Francine Laugier
DEUX CONTES
Les noms et les nombres
Il
était une fois, une petite fille qui s'appelait Lise. Elle ne voulait
rien apprendre qu'elle ne connaissait déjà. Tout cela est bien logique.
Un jour, Bernard, le berger, lui demanda de garder ses
moutons. Il dit à Lise : « Il y a vingt moutons. Quand je
reviendrai du village, il faudra qu'il y en ait vingt. Compte-les
toutes les demi-heures. » Lise ne savait compter que jusqu'à cinq,
et encore elle oubliait le trois. « Comment faire ? » se
disait anxieusement Lise.
Alors une idée lui vint. Elle se
mit à regarder attentivement les moutons et leur donna des noms.
Celui-là, court sur pattes, il ressemble à Octave, et cet autre, je
l'appellerai Primo, celui-ci, Quinto. Et elle donna des noms à tous ses
moutons. Il ne lui suffisait plus que de les appeler dans l'ordre.
Et
voilà, Lise ne savait pas compter, mais elle savait nommer. De plus,
comme elle n'apprenait rien à l'école, elle regardait par la fenêtre ou
observait ses petits camarades, elle était devenue très physionomiste.
Quand
Bernard le berger rentra, Lise lui apprit les noms des moutons. Et
depuis ce temps-là, Bernard ne compte plus, mais appelle ses moutons
par leurs noms.
13 août 2002
Le sac rouge
Il
était une fois une petite fille qui s'appelait Leïla. Elle avait une
tante très pauvre. Cette tante lui offrit pour son anniversaire un sac
en plastique rouge. Quand Leïla l'ouvrit, un conte en sortit.
Et
chaque fois qu'elle l'ouvrait, un nouveau conte en sortait. C'est ainsi
que la petite fille apprit que les chats ne voyaient pas le rouge et
qu'ils pouvaient voir la nuit, que le pissenlit fait faire pipi, et que
si l'on compte les pattes de l'araignée en système binaire, elle
devient un mille-pattes. Le sac rouge contenait mille trésors.
Bientôt
Leïla fut trop grande pour porter un si petit sac. Elle le rangea au
grenier, puis l'oublia. Leïla se maria et eut un petit garçon, Joël. Et
Joël ne voulait pas porter le sac rouge qui avait été celui d'une
petite fille. Un jour, un Gitan vint rempailler les chaises. Il était
accompagné de Pepita, sa petite fille. Leïla offrit le sac à Pepita.
Depuis
ce temps, le sac en plastique rouge n'a plus quitté le camp des Gitans.

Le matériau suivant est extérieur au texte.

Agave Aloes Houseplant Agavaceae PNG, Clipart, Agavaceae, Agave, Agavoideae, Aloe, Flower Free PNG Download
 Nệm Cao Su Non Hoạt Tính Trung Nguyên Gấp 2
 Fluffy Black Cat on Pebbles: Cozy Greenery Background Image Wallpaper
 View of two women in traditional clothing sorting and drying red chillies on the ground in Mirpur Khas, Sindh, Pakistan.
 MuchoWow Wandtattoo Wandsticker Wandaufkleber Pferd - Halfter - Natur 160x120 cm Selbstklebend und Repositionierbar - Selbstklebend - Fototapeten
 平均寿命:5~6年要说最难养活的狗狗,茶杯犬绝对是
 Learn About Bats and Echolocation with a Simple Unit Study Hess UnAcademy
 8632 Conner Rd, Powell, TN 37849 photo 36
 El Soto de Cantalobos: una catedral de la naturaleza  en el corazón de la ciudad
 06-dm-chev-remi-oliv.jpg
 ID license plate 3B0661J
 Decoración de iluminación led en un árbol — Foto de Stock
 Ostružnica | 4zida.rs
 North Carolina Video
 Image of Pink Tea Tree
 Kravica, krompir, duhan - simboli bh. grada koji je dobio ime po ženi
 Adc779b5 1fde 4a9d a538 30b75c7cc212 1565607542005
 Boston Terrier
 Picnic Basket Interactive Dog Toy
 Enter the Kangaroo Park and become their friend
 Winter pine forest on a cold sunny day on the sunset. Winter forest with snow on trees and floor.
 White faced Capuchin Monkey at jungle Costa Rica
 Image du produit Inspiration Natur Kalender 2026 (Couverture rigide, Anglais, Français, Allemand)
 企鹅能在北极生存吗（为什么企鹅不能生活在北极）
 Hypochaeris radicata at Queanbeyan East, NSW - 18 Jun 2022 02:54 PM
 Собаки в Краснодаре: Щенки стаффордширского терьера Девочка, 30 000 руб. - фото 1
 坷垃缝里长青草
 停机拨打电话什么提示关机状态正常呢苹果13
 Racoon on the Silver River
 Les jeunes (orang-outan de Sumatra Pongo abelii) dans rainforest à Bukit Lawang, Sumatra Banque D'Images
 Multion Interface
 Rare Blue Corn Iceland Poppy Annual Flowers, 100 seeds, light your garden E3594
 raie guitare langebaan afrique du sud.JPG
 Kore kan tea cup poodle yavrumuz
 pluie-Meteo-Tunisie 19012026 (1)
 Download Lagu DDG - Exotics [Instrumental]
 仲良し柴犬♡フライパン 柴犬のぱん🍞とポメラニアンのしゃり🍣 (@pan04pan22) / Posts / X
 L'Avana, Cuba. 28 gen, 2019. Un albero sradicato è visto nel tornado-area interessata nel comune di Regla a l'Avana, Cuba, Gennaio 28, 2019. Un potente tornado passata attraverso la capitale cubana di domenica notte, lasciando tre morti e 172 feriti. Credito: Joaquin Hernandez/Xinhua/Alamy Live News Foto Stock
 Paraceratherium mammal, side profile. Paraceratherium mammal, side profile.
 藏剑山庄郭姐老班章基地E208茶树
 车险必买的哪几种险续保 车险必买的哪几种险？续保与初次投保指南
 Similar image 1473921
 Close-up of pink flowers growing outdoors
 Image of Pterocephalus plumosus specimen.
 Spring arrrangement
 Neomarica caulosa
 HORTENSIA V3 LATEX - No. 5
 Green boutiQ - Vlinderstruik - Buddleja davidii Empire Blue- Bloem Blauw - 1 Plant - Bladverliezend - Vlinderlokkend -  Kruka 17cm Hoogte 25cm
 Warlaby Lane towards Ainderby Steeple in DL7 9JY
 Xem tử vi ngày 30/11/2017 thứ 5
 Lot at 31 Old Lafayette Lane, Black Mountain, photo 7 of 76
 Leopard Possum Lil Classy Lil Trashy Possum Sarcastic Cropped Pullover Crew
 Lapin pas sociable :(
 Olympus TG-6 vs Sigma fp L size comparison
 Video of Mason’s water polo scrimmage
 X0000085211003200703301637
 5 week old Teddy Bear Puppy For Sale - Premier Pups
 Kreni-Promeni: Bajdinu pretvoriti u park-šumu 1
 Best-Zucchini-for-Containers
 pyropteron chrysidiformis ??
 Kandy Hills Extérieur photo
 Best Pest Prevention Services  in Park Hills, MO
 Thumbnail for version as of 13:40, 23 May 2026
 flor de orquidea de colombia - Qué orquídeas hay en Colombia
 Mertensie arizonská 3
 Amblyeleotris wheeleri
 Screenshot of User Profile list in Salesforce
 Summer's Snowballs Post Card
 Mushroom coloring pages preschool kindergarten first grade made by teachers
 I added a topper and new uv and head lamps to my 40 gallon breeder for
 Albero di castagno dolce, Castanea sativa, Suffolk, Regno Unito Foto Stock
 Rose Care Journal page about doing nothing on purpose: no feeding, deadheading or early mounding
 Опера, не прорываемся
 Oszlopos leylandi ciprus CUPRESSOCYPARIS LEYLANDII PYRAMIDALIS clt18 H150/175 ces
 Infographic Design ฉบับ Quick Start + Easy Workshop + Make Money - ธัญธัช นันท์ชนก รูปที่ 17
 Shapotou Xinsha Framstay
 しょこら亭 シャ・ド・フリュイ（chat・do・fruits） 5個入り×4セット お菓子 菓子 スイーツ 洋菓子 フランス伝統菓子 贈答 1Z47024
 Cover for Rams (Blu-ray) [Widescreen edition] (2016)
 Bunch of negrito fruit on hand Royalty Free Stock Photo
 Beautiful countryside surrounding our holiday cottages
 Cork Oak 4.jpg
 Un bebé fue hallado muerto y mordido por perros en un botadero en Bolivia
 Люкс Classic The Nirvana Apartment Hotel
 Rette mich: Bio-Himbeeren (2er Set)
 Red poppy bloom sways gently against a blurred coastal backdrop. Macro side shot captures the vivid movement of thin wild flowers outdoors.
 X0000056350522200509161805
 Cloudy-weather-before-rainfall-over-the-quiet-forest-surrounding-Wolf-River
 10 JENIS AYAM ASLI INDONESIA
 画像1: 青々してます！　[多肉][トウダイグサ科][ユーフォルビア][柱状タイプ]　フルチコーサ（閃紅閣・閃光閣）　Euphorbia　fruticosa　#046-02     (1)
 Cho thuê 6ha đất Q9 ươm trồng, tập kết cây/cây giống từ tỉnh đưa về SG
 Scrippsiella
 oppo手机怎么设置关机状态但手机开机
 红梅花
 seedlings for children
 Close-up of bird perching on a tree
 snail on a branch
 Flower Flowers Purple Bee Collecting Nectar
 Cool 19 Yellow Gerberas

Il passe de petite fille en petite fille, qui, le soir, dans le cercle
autour du feu, ouvrent le petit sac qui contient des contes
merveilleux : celui de l'arbuste dans les étés secs, qui, lorsque
le vent chaud agite ses feuilles, produit le bruit d'un ruisseau ;
celui des fleurs qui ne peuvent diffuser leur pollen avant que des
insectes ne viennent les butiner ; celui des poissons des
profondeurs qui brillent comme des lampes électriques.
Quand
elles parcourent le monde, dans leurs roulottes, les petites Gitanes
disent aux villageois les contes que contient le magique petit sac
rouge : les oiseaux qui guident les Pygmées vers des nids
d'abeilles, pour qu'ils partagent le miel avec eux ; les pierres
éparses dans le ciel qui tombent sur la terre au mois d'août en longues
traînées de flammes ; les lignes de la perspective qui poursuivent
un point si petit à l'horizon, qu'il est invisible, et fait paraître
minuscule ce qui est éloigné ; et les marches de l'escalier qui
craquent comme si l'on foulait des perles.
C'est depuis ce jour qu'on raconte que les petites Gitanes savent encore plus d'histoires que n'en contient le livre des Mille et une nuits.